Since 2000, renewables have expanded from 19 percent to more than 30 percent of global electricity, driven by an increase in solar and wind from 0.2 percent in 2000 to a record 13.4 percent in 2023.

“As a result, the CO2 intensity of global power generation reached a new record low in 2023, 12 percent lower than its peak in 2007,” an Ember press release informed.

The report informed that the rapid growth in solar and wind has brought the world to a crucial turning point where fossil generation starts to decline at a global level.

The Global Electricity Review provides the first comprehensive overview of the global power system in 2023 based on country-level data.

The review covers 80 countries representing 92 percent of global electricity demand, as well as historic data from 215 countries.

“The renewables future has arrived,” said Dave Jones, Ember’s director of global insights. “Solar in particular is accelerating faster than anyone thought possible.”
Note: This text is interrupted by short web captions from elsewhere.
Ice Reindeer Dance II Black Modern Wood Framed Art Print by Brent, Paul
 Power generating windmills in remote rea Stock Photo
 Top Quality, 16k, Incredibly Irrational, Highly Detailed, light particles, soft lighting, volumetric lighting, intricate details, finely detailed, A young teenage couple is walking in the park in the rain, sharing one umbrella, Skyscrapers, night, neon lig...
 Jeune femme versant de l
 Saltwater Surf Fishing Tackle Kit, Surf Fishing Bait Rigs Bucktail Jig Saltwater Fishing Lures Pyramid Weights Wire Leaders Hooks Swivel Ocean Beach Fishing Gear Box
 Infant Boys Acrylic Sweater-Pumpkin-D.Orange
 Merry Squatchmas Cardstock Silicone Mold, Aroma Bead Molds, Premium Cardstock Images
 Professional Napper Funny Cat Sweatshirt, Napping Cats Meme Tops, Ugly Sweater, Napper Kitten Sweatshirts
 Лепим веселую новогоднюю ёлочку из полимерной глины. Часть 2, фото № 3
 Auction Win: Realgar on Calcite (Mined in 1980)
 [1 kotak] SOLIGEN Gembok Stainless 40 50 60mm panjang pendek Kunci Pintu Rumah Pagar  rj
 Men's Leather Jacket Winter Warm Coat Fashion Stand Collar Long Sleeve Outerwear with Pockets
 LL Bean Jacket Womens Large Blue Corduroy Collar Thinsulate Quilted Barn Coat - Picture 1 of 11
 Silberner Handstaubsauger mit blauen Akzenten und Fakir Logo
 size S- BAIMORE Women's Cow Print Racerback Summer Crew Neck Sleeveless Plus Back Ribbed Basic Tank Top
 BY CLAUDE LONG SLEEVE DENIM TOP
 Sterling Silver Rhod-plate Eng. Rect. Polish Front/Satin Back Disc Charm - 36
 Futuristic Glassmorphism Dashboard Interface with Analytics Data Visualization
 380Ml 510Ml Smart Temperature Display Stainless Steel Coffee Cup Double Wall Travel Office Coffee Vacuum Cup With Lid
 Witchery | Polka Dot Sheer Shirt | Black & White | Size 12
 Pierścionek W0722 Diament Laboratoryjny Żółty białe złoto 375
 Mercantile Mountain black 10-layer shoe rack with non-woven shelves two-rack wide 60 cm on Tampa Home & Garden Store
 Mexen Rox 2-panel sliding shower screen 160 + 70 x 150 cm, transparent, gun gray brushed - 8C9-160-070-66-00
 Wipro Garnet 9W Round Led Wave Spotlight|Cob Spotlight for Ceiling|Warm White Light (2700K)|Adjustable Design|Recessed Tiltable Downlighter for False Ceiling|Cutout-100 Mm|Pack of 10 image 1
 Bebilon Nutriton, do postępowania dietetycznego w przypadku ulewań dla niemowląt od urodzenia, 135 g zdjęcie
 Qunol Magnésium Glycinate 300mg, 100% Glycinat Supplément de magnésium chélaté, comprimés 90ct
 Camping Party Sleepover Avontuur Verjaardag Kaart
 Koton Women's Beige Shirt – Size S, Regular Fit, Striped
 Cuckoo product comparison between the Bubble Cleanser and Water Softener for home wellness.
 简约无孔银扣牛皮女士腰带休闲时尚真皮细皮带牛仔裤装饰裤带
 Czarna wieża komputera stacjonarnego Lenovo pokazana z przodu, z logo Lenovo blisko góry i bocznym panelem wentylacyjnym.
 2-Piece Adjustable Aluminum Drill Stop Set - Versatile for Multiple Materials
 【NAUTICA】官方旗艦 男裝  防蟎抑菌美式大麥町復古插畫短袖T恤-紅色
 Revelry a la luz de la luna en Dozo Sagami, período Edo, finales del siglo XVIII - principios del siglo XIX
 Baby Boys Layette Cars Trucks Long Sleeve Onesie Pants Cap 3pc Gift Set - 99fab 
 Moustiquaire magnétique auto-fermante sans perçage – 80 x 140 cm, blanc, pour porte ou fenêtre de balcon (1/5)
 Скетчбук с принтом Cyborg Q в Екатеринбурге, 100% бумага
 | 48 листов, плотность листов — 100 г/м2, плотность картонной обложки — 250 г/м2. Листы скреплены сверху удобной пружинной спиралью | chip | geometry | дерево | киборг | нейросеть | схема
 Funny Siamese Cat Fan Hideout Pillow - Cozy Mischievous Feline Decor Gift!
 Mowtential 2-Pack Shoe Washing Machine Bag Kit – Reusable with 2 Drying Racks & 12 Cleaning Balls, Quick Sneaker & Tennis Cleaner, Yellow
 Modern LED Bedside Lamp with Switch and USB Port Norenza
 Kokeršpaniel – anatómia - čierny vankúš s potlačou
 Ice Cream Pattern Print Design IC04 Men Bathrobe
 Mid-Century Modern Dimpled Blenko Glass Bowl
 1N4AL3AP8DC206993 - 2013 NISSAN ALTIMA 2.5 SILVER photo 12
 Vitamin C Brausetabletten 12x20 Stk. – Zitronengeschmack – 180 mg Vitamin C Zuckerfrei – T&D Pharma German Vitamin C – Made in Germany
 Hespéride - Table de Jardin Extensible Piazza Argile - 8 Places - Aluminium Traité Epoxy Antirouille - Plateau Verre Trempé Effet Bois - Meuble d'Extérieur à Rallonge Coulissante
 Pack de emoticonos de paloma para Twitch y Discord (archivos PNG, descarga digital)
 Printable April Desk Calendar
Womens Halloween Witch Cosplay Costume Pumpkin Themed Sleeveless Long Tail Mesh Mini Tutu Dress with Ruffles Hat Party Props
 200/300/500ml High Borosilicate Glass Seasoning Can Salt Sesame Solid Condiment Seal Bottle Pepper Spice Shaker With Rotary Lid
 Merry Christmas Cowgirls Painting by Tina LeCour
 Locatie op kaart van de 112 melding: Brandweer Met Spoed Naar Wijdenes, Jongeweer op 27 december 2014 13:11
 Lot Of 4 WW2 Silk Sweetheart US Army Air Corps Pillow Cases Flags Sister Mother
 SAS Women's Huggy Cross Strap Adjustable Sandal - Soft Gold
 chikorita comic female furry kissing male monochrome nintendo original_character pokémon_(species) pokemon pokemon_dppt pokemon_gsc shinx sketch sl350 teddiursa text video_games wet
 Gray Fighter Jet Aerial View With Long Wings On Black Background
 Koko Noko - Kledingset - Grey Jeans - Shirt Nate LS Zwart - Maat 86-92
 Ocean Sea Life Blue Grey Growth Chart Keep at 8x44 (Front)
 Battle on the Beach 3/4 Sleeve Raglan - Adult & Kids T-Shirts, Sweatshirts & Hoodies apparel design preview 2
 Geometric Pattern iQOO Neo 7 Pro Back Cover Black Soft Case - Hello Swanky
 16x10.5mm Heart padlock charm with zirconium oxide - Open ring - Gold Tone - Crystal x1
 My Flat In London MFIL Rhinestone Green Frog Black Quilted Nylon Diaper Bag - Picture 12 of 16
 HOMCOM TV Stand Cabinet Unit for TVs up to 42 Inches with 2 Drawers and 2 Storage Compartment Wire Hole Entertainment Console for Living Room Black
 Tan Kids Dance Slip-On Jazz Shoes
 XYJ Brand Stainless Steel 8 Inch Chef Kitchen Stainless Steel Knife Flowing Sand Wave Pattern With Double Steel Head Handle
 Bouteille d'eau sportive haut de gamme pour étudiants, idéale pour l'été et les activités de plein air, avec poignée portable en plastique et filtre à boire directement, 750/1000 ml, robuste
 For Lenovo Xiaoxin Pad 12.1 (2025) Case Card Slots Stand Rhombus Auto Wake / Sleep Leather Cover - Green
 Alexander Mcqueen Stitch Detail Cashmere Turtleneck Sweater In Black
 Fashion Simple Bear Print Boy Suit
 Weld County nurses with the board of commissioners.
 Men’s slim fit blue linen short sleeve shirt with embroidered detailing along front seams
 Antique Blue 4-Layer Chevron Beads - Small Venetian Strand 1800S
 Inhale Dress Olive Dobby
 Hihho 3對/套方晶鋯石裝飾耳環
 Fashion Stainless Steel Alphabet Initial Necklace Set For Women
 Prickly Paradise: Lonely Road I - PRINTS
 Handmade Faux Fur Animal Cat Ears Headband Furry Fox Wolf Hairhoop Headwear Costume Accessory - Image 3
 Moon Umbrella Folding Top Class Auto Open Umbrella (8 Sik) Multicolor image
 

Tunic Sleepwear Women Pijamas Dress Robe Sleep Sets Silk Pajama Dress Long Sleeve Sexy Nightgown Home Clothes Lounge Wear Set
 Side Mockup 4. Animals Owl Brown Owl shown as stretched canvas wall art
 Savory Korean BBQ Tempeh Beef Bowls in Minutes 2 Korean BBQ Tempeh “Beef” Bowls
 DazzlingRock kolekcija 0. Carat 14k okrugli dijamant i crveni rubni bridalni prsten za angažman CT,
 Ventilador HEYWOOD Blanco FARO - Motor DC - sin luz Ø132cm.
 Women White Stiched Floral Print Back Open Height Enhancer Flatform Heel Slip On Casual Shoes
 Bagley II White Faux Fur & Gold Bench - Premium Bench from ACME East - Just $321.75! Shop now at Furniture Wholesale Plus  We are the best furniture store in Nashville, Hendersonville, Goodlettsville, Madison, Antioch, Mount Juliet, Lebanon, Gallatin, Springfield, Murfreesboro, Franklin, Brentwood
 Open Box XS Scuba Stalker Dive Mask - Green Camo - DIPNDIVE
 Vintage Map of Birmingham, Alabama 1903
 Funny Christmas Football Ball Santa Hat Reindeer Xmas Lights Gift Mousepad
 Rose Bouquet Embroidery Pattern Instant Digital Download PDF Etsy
Solar was the main supplier of electricity growth, adding more than twice as much new electricity generation as coal in 2023.

Solar maintained its status as the fastest-growing electricity source for the nineteenth consecutive year, and surpassed wind to become the largest source of new electricity for the second year running.

Renewable generation growth could have been even higher in 2023, but hydropower generation reached a five-year low amid droughts in China and other parts of the world.

Under normal conditions, the clean capacity added during 2023 would have been enough to enable a 1.1 percent fall in fossil generation.

However, the shortfall in hydropower was met by an increase in coal generation, which led to a 1 percent increase in global power sector emissions.

95 percent of the coal generation growth in 2023 occurred in four countries that were severely affected by droughts like China, India, Vietnam and Mexico.

The report shows that clean electricity growth gives confidence that a new era of falling power sector emissions is about to begin, with a projected 2 percent drop in global fossil generation in 2024.

Already clean electricity has helped to slow the growth in fossil fuels by almost two-thirds in the last ten years. As a result, half the world’s economies are at least five years past a peak in fossil power.

“The decline of power sector emissions is now inevitable. 2023 was likely the pivot point. But the pace of emissions falls depends on how fast the renewables revolution continues,” Jones added.

At the UN’s COP28 climate change conference in December, world leaders reached a historic agreement to triple global renewables capacity by 2030.

The target would see the world reach 60 percent renewable electricity by 2030, which would almost halve power sector emissions and put the world on a pathway aligned with the 1.5® climate goal.